EXERCISE BRIEF:
Your answer should hold exactly the lines from the one with "Hướng dẫn điền" through the final line of the data below, reproduced as written.

RECORDS FOR THIS EXERCISE:

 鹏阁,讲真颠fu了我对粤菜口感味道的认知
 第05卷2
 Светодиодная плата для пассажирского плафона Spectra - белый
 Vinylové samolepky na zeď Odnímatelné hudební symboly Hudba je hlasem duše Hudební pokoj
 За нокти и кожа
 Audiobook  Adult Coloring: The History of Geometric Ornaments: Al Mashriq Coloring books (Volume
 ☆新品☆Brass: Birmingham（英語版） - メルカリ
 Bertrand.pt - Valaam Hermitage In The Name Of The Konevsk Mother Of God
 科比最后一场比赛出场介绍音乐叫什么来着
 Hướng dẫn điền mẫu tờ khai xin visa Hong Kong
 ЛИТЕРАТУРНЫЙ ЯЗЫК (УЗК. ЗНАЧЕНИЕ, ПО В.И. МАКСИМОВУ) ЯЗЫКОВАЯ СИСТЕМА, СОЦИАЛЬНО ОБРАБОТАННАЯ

WORKED SOLUTION:
 Hướng dẫn điền mẫu tờ khai xin visa Hong Kong
 ЛИТЕРАТУРНЫЙ ЯЗЫК (УЗК. ЗНАЧЕНИЕ, ПО В.И. МАКСИМОВУ) ЯЗЫКОВАЯ СИСТЕМА, СОЦИАЛЬНО ОБРАБОТАННАЯ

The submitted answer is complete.